Item 4 of the Original Schedule 13D and Amendment No. 1 is hereby amended and supplemented to include the following:
Merger Agreement with FaZe Holdings Inc.
On October 19, 2023, the Issuer entered into an Agreement and Plan of Merger, as amended and supplemented by a First Amendment to the Agreement and Plan of Merger, dated December 19, 2023 (as so amended, the “Merger Agreement”), with FaZe Holdings Inc., a Delaware corporation (“FaZe”), and GameSquare Merger Sub I, Inc., a Delaware corporation and wholly owned subsidiary of the Issuer ( “Merger Sub”), pursuant to which, subject to the terms and conditions set forth in the Merger Agreement, Merger Sub will merge with and into FaZe (the “Merger”), with FaZe surviving such Merger as a wholly-owned subsidiary of the Issuer. The Merger Agreement contains customary representations, warranties, covenants and conditions precedent of the parties. The Merger Agreement contains customary mutual termination rights for the Issuer and FaZe, including if the Merger is not completed by February 15, 2024 (the “End Date”), and if either of the required stockholder approvals by the Issuer stockholders or the FaZe stockholders is not obtained. Faze and the Issuer received the required stockholder approval for the Merger on February 22, 2024 and February 27, 2024, respectively, and the Merger was completed on March 7, 2024.

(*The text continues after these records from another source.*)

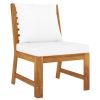 5 Piece Patio Lounge Set with Cushion Cream Solid Acacia Wood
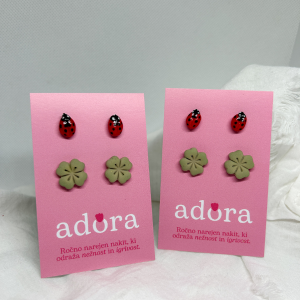 Uhani pikapolonice in deteljice - komplet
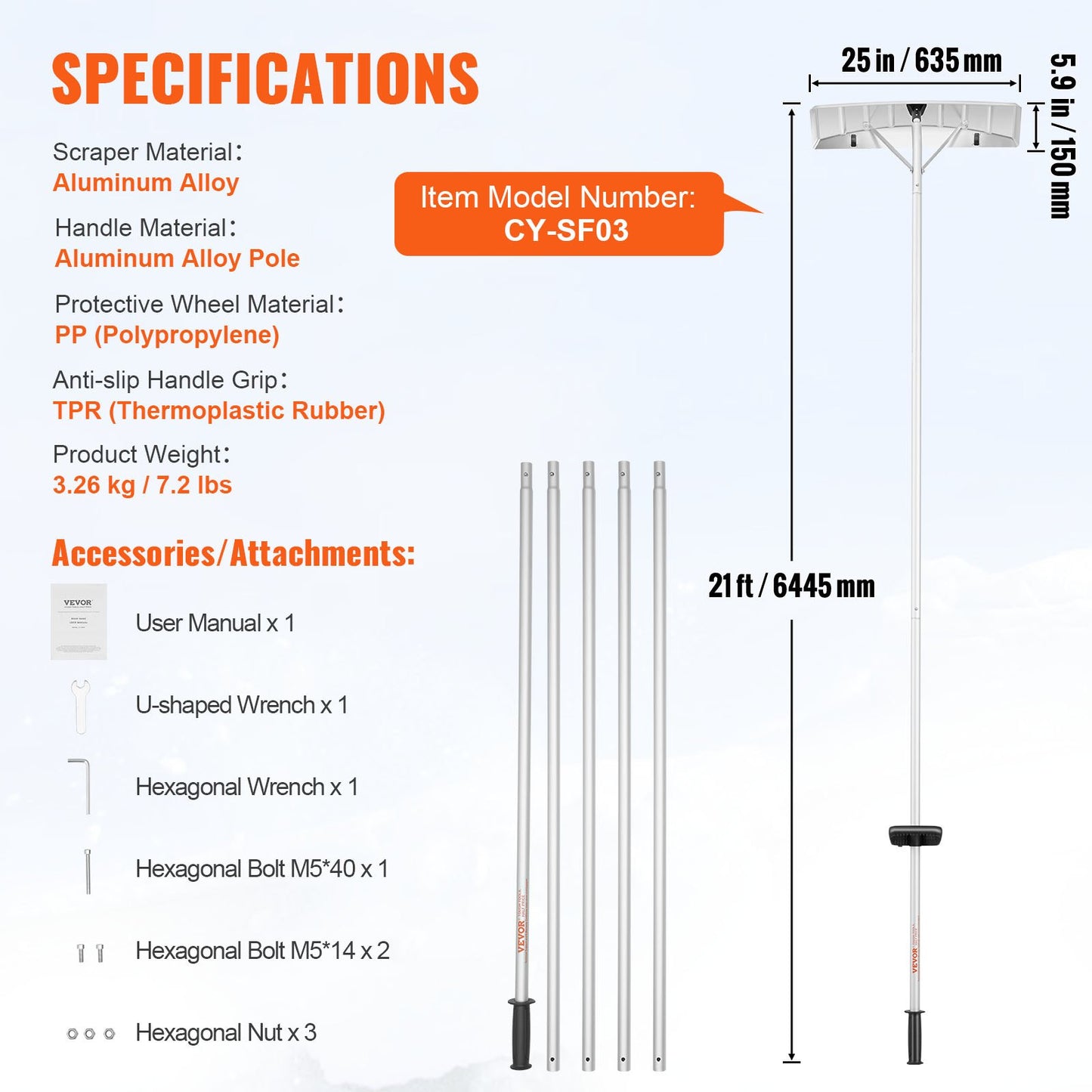 Snöräcka, 25-tums verktyg för snöröjning av knivar, takskyffel i aluminium med 21 fots räckvidd, rullhjul för takskydd, antisladdhandtag, lätt att installera och använda för hustak, bilsnö, våta löv
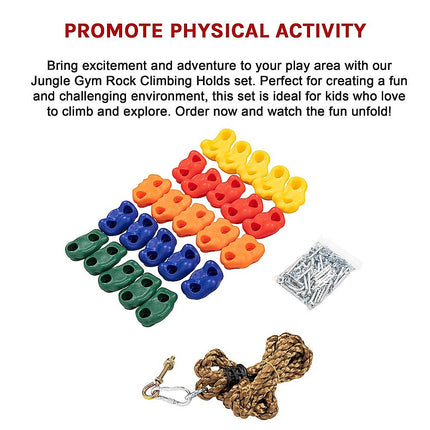 Jungle Gym Rock Climbing Holds Kids Wall Mounting Hardware Knotted Rope 25 Handles Playground 12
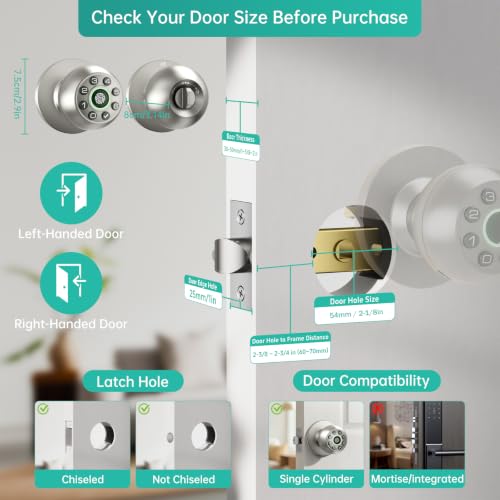 Image of Fingerprint Door Lock Biometric Keypad Smart Door Knob | Bedroom Passcode Handle, Home Office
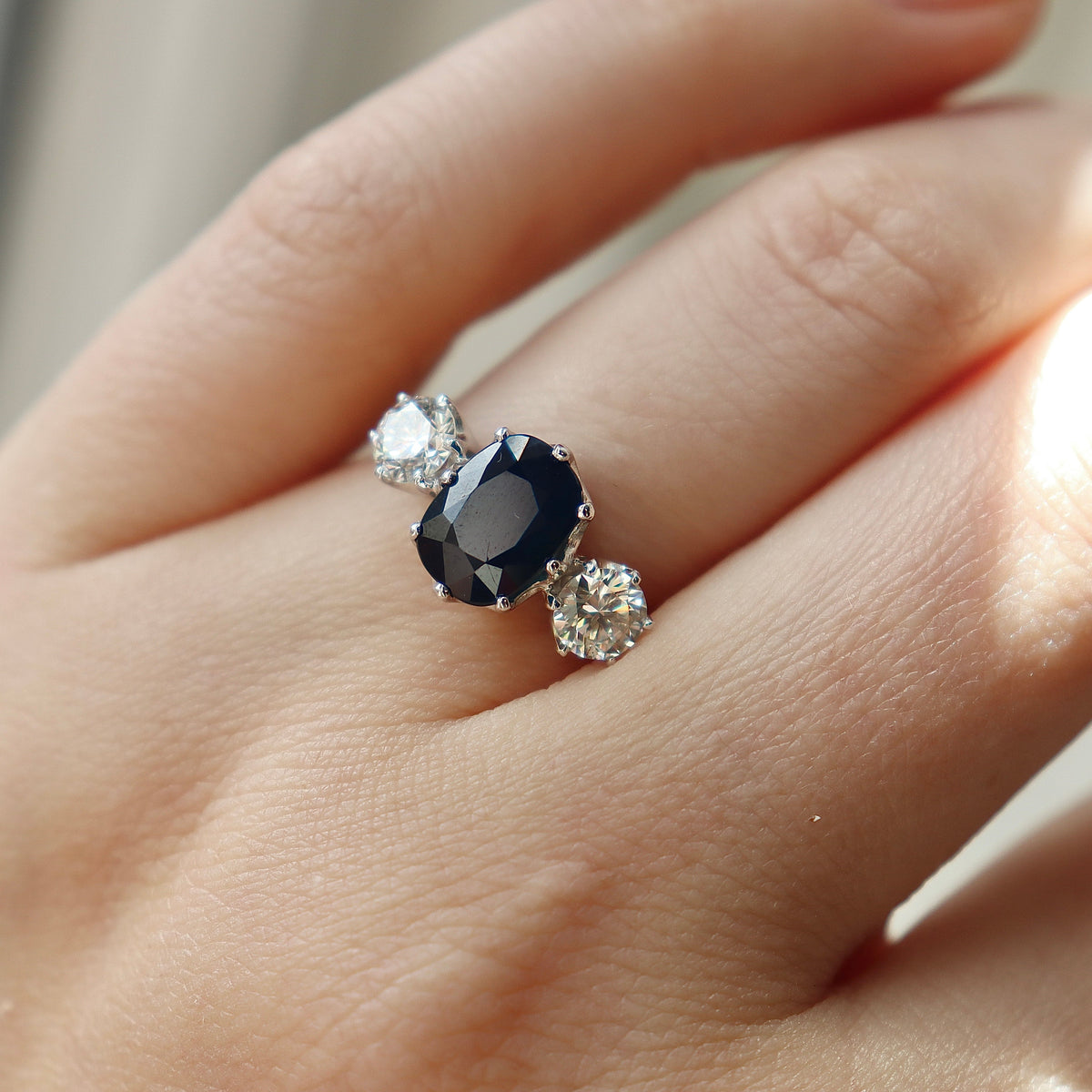 18ct Yellow and White Gold Sapphire and Diamond Antique Style 3 Stone Ring
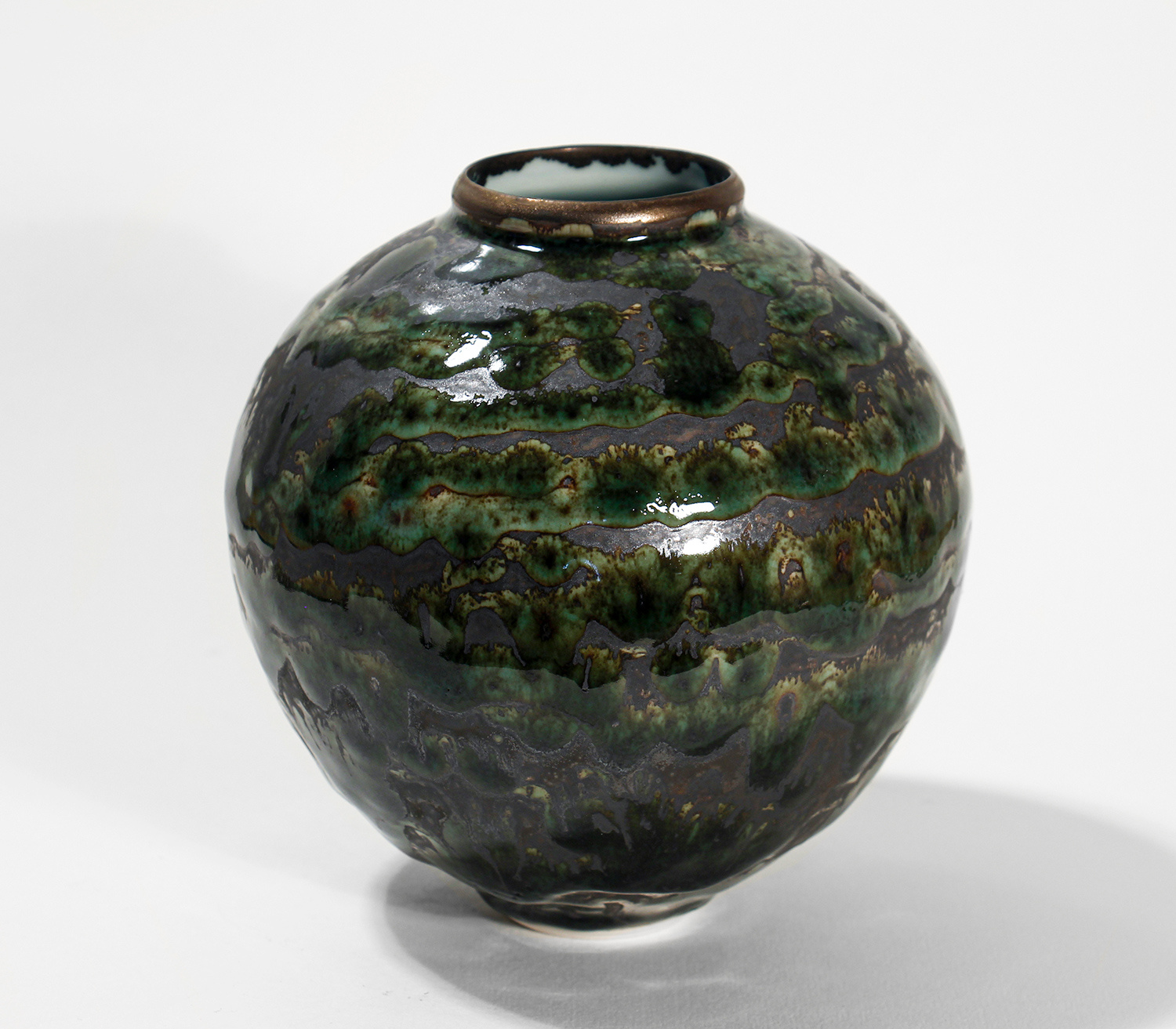 Small Moon Jar- Moss by Tricia Thom
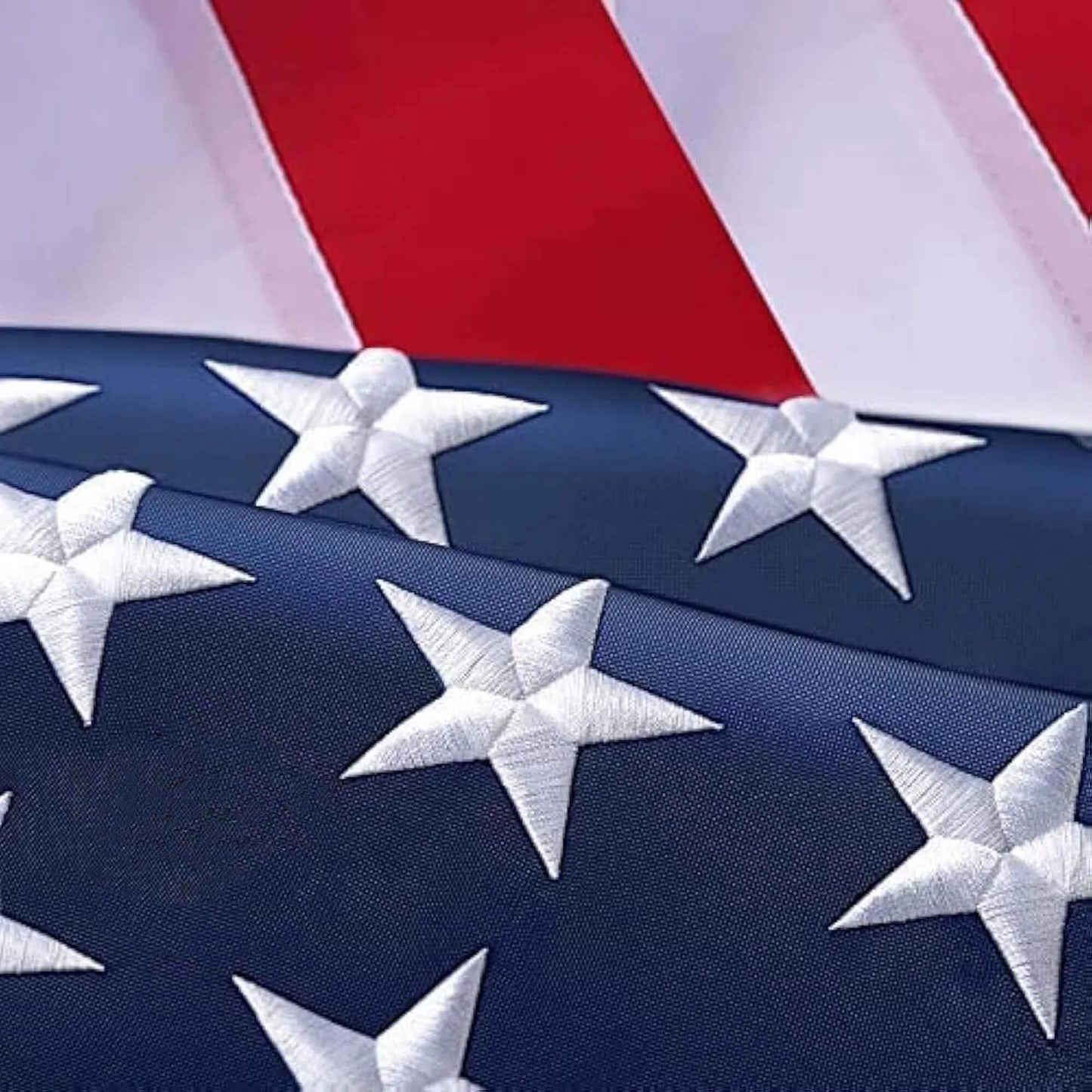 American Flag 3x5 FT Long Lasting 420D Heavy Duty US Flags for High Wind TearProof Polyester USA Flag with Embroidered Stars, Sewn Stripes, Brass Grommets
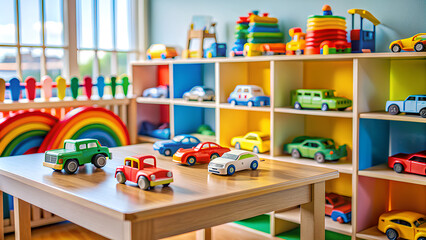 Nursery for young kid with educational vehicle and transport toys. Plastic car at rainbow parking garage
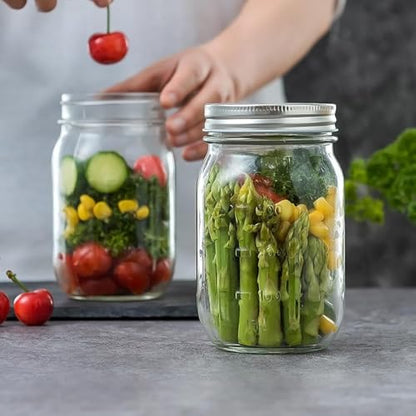Glyntrof 32 oz Mason Jars Wide Mouth with Airtight Lids, 1 Quart Glass Canning Jar for Fermenting, Pickling and Food Storage, Pack of 12 - color: 32oz-12 pcs
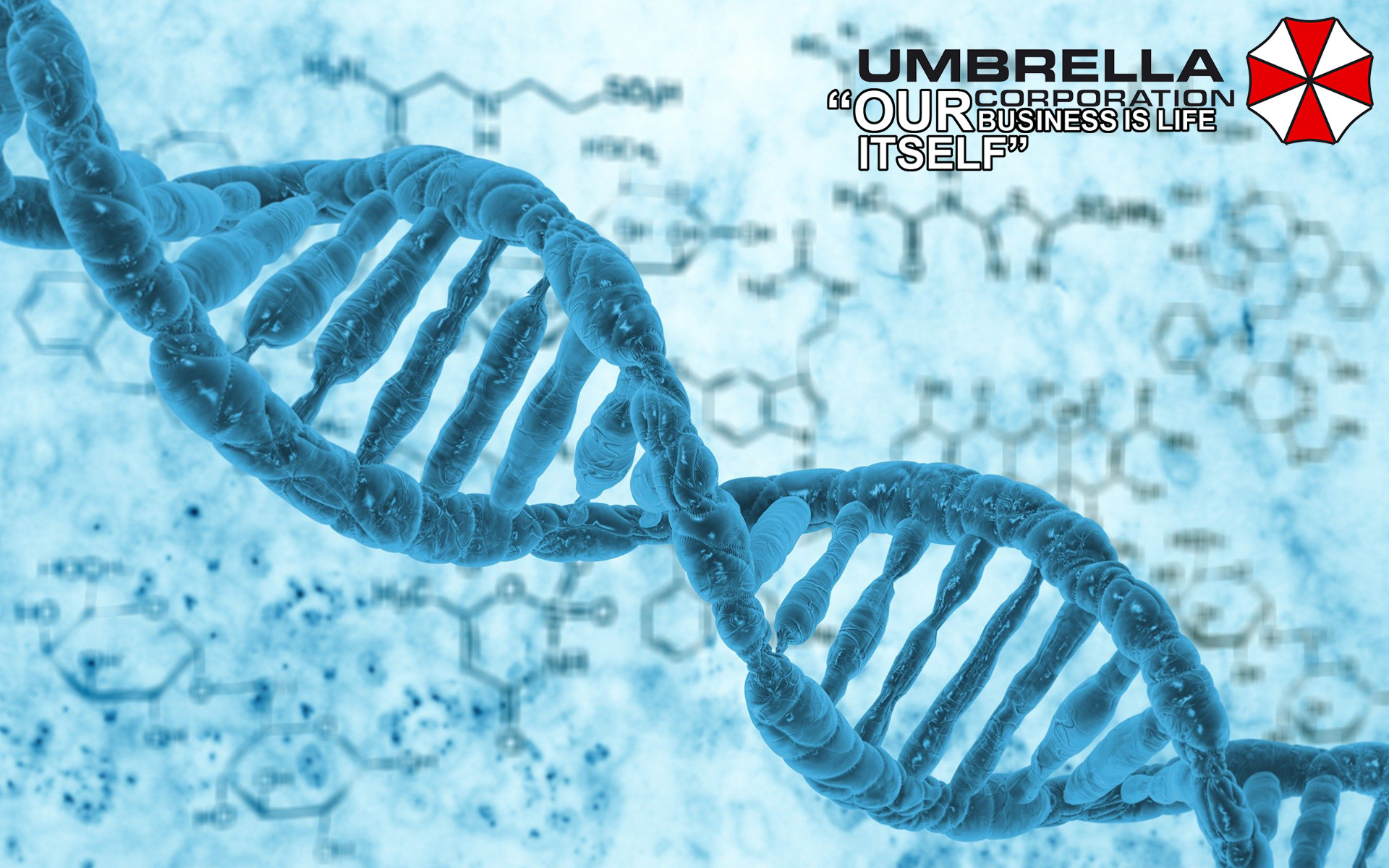 DNA, Umbrella Corporation, Resident Evil, Formule chimiche, 16:10 Full HD, wallpaper widescreen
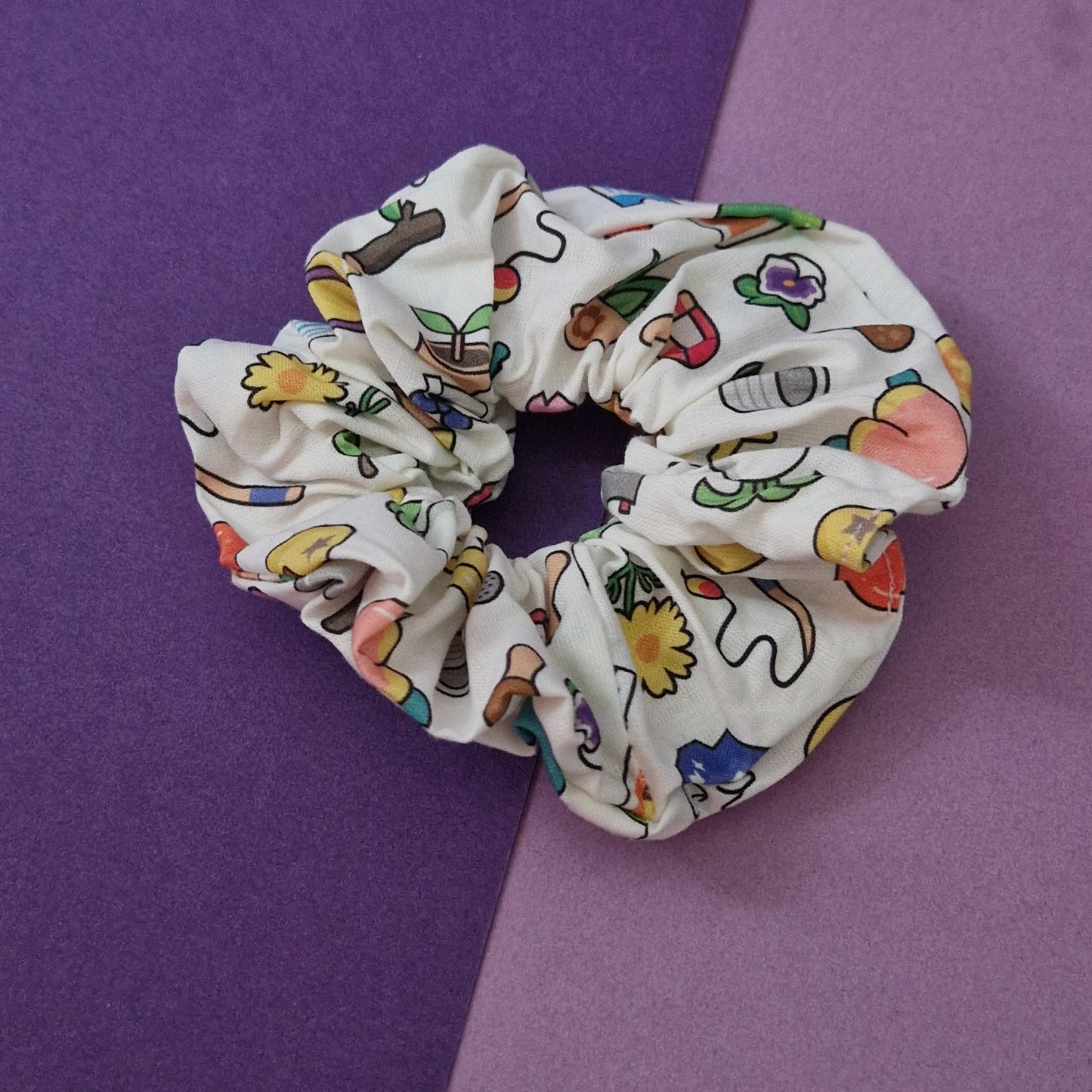 Animal island icon themed cotton hair scrunchie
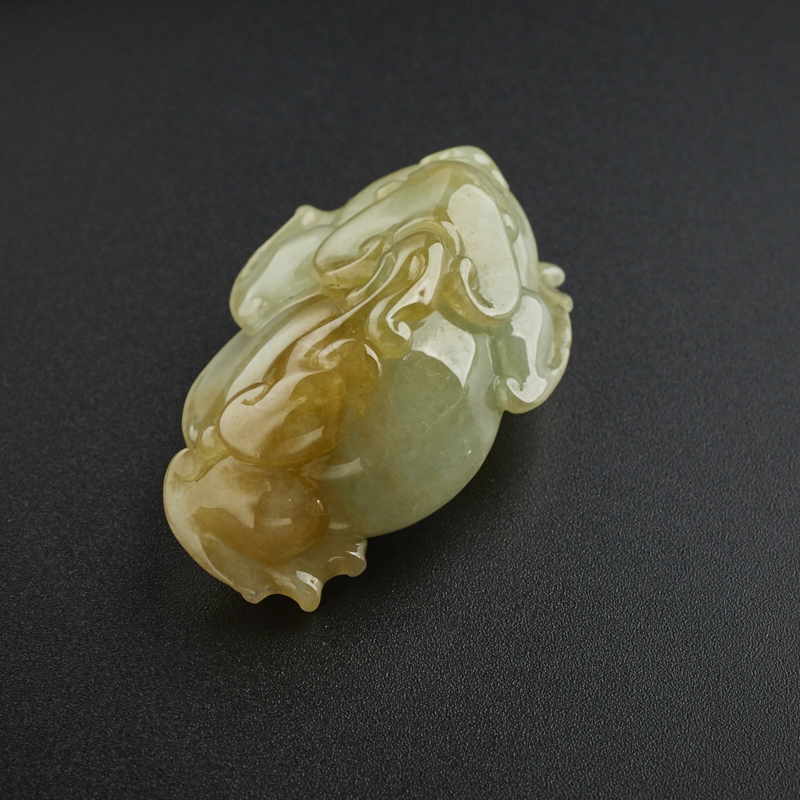 糯种翡翠金蟾吊坠 - 红掌柜珠宝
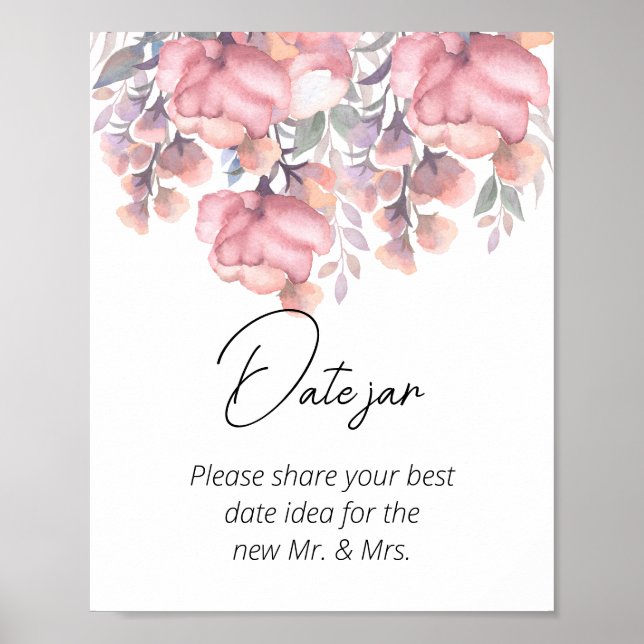 Poster Automne Floral Dusty Rose date jar douche de nupti (Devant)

The foregoing description of the Merger Agreement is qualified in its entirety by reference to the Agreement and Plan of Merger and First Amendment to the Agreement and Plan of Merger, which are referenced as Exhibit II and Exhibit III, respectively, to this Schedule 13D and incorporated herein by reference.
Backstop Agreement
Simultaneously with the execution and delivery of the Merger Agreement, the Issuer and Goff Jones, entered into a Backstop Agreement (the “Backstop Agreement”), pursuant to which, among other things, Goff Jones agreed to commit to backstop the contemplated PIPE financing to be consummated at or around the time of the closing of the Merger (the “PIPE Financing”), in an aggregate amount of no more than $10,000,000, by agreeing pursuant to the Backstop Agreement, to purchase Common Shares of the Issuer (or other Issuer securities, if applicable), to the extent necessary pursuant to the terms of the Backstop Agreement and contemporaneously with the closing of the Merger. The Backstop Agreement contains customary representations, warranties, covenants and conditions precedent of the parties. The Backstop Agreement and all of its provisions shall terminate and be of no further force or effect (i) upon the date that is immediately following an applicable End Date, following written notice from Goff Jones electing to terminate the Backstop Agreement, or (ii) if FaZe or the Issuer experience a material adverse change, upon written notice from Goff Jones electing to terminate the Agreement.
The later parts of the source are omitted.